Norma: “No idea. But he better be a boy or else I’ll be extremely resentful of him.”
Harvey: “Really? I’ve actually always wanted a girl-”
Norma: “We’re having a boy. Or else.”
Harvey: “Yes, darling...” *gulp*




After working out at the gym for a while, Norma finally gained an athletic skill! It felt like it took her forever, I think maybe she was just trying to resist it so hard.




Norma: “EEP. Oh god. Baby’s a-comin’, Harv!”




Harvey: “OH GOOD LORD I’M SO CONFUSED.”

It’s okay Harv, just freak out while Norma does all the work. That’s your job as a husband/boyfriend/baby-daddy in TS3.




Archer was about as concerned as he could muster.

Archer: Oh right, the seed arrives today. Wonderful. Oh, and if any of you silly humans think it can have my bed, you’re dead wrong.




Atticus Bott has arrived! He is a loner and perceptive, and his favorites are hip hop, key lime pie, and irish green.

Norma: “Mommy’s so glad she doesn’t have to resent you for the rest of your adorable little life!”

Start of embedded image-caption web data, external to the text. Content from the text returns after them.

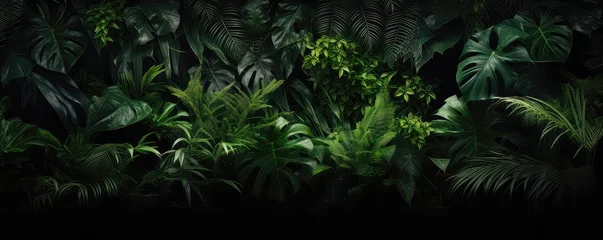 Fotobehang Lush Tropical Rainforest Foliage On Black Background © Anastasiia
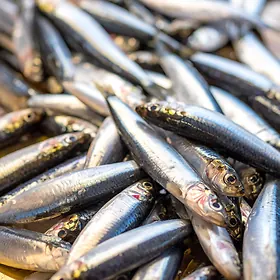 Anchois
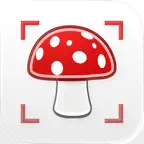 Picture Mushroom Identifier iOS Icon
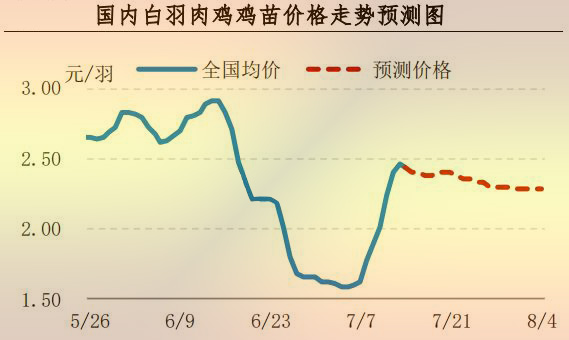 白羽肉雞雞苗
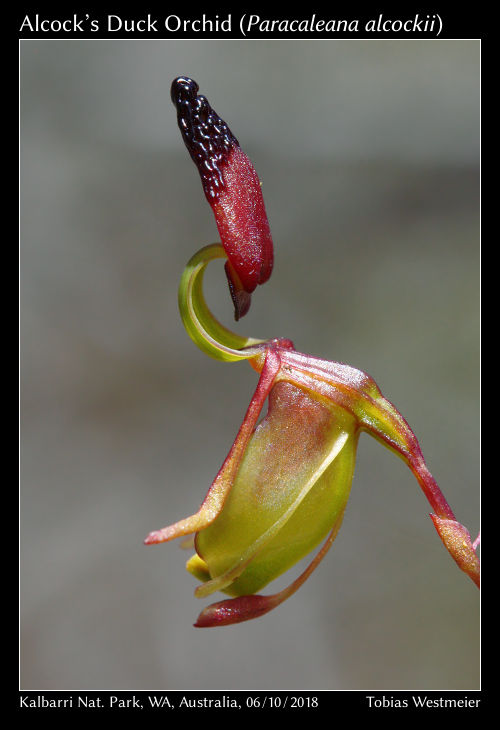 Alcock’s Duck Orchid (Paracaleana alcockii)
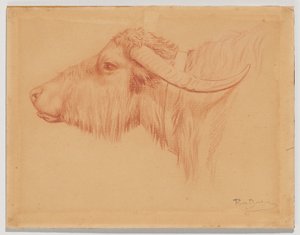 Vattenbuffel av Rosa Bonheur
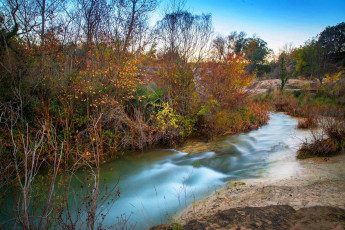 Картинка природа реки озера река лес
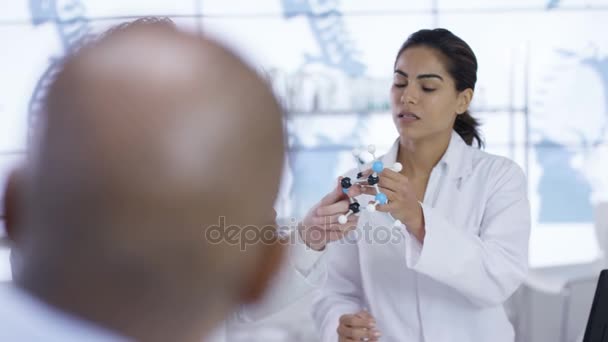 Medical Team Meeting Looking Model Molecular Structure — Stock Video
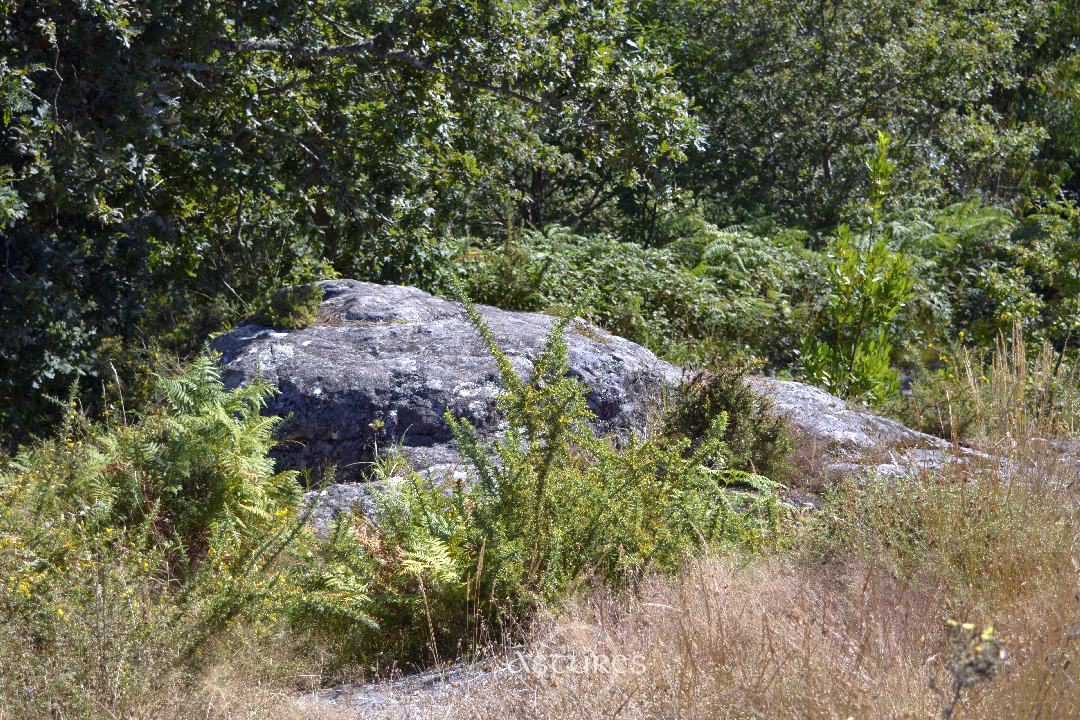 Turismo arqueológico: El castro de Pedra Moura en Gondomar. Pontevedra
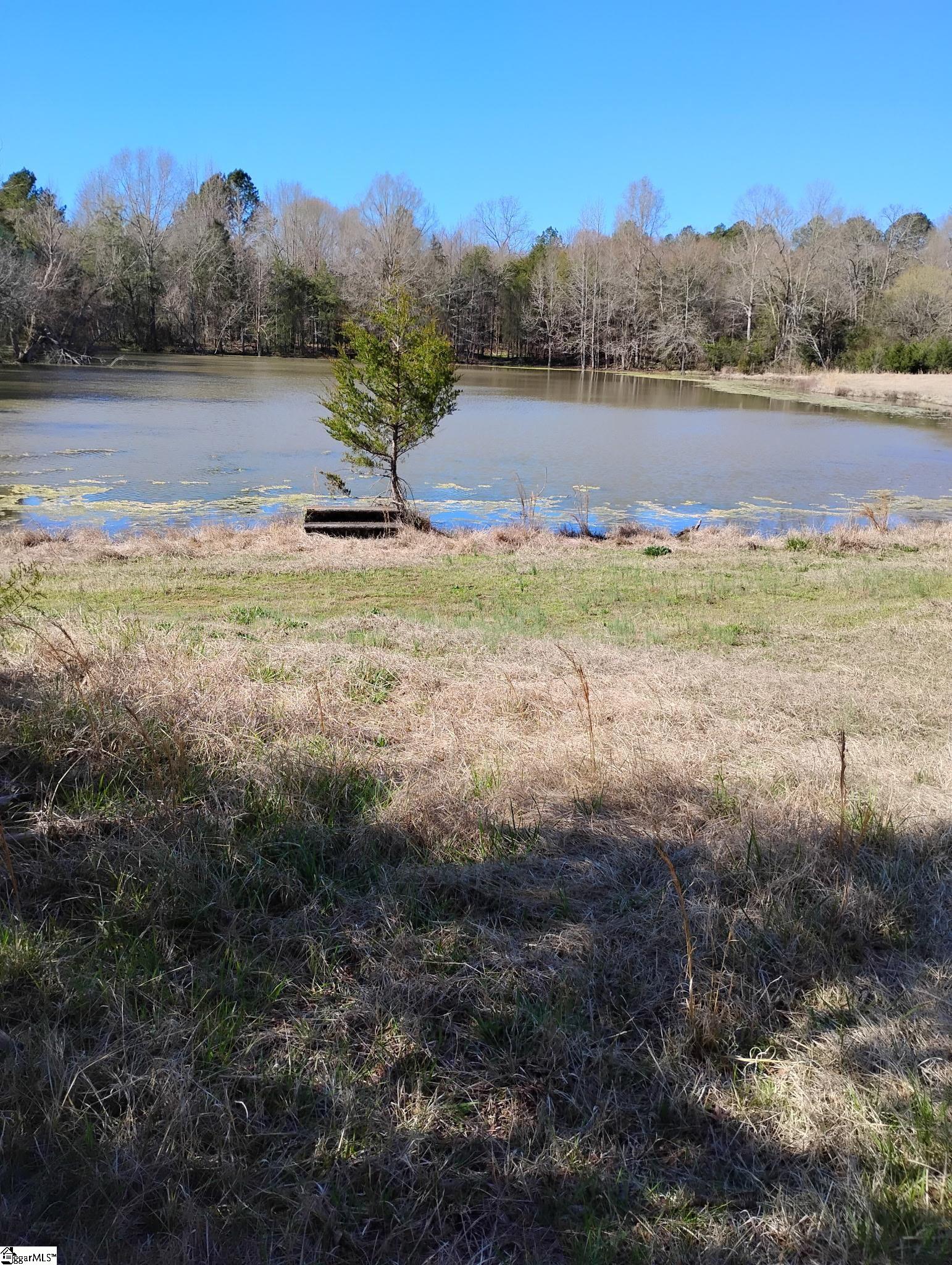 869 Meadowbrook, Chesterfield, South Carolina image 3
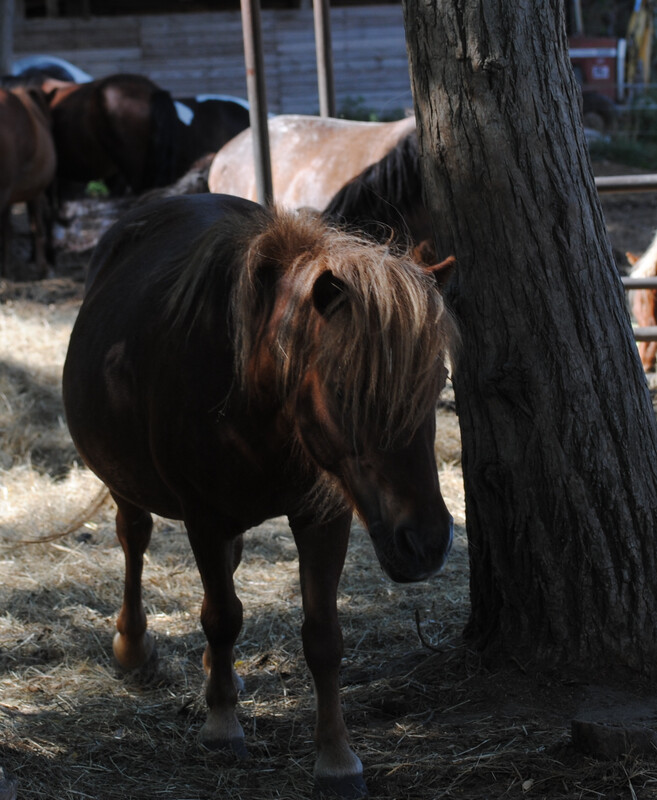 Quendoline (Reservierung)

Since the family is still very poor, Atticus shares a room with his parents and, technically, the kitchen. I will be so happy when they can afford walls, oh god.




Especially when Atticus cries and wakes both of his parents, one of whom has to be up at the crack of dawn for her military job.

Norma: “I’m beginning to regret you, Atticus. DON’T MAKE ME REGRET YOU.”




Harvey: “It’s okay, Atti. Mommy didn’t mean it. She’s just tired... a lot.”




Norma: “I’m sorry, Atti. Mommy loves you! Even when you wake Mommy up and disrupt her beauty sleep. Now that’s love. Anyway, Mommy has to go for a bit. She has some unfinished business waiting for her down at the library!”

Note: it’s best if you have this playing in the background for the next few screenshots.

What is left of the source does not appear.